The Partnership
The Global Development Bank is a global development partnership: among all the member countries as well as more than 500 financial institutions and contributing corporates working for sustainable financial solutions for project funding for poverty reduction and climate change mitigation through both infrastructure development and core projects designed for specific solutions.
ARTICLES OF AGREEMENT
(As effective June 01, 2022)
Article V: Organization and Management
- SECTION 1. Structure of the Bank
- SECTION 2. Board of Directors
- SECTION 3. Voting
- SECTION 4. Executive Directors
- SECTION 5. President and Staff
- SECTION 5.1 Co-President
- SECTION 6. Advisory Council
- SECTION 7. Loan Committees
- SECTION 8. Relationship
- SECTION 9. Offices
- SECTION 10. Regional Offices
- SECTION 11. Depositories
- SECTION 12. Form of Holdings of Currency
- SECTION 13. Publication of Reports and Information
- SECTION 14. Allocation of Income
SECTION 1. Structure of the Bank
The Bank shall have a President, Managing Director, Board of Governors, Executive Directors, and such other officers and staff to perform such duties as the Bank may determine.

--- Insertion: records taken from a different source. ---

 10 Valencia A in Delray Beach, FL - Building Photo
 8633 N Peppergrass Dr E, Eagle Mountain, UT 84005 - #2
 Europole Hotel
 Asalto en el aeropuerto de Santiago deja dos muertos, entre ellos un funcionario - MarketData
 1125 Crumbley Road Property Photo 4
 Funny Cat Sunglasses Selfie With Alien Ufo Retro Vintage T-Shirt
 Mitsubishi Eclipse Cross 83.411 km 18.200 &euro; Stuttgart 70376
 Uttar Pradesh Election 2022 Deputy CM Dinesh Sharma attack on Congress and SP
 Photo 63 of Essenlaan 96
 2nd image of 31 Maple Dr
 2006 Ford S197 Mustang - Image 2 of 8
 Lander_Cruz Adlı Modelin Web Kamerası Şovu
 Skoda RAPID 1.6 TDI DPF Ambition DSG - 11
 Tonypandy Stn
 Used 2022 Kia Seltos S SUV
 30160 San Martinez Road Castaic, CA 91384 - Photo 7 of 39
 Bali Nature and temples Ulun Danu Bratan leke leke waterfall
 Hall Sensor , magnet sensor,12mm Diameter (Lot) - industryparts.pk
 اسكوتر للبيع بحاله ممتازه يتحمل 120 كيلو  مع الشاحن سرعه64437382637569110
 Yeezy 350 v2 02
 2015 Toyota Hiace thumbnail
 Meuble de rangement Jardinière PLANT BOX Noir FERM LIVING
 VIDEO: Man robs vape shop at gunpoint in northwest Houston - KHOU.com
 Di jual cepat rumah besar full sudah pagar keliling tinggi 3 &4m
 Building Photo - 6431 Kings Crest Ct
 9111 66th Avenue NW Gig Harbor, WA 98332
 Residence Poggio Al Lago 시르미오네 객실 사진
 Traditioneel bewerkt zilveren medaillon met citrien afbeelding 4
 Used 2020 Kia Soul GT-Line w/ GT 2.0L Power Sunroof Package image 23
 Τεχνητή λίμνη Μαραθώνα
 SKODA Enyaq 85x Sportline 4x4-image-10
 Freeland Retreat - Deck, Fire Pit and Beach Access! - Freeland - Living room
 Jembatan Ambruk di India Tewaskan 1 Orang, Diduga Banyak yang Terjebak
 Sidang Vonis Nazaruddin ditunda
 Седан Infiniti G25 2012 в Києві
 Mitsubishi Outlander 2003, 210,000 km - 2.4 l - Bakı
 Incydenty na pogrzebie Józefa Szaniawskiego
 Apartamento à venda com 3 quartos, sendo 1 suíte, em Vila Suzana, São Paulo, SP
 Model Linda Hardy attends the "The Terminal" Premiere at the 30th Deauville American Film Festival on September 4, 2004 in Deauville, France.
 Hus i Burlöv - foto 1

SECTION 2. Board of Directors
(a) All the powers of the Bank shall be vested in the Board of Directors consisting of one President and one alternate appointed by each member in such manner as it may determine. Each director and each alternate shall serve for five years, subject to the pleasure of the member appointing him, and may be reappointed. No alternate may vote except in the absence of his principal. The Board shall select one of the directors as President.
(b) The Board of Directors may delegate to the Executive Directors authority to exercise any powers of the Board, except the power to:
(i) Admit new members and determine the conditions of their admission;
(ii) Increase or decrease the capital stock;
(iii) Suspend a member;
(iv) Decide appeals from interpretations of this Agreement given by the Executive Directors;
(v) Make arrangements to cooperate with other international organizations (other than informal arrangements of a temporary and administrative character);
(vi) Decide to suspend permanently the operations of the Bank and to distribute its assets;
(vii) Determine the distribution of the net income of the Bank.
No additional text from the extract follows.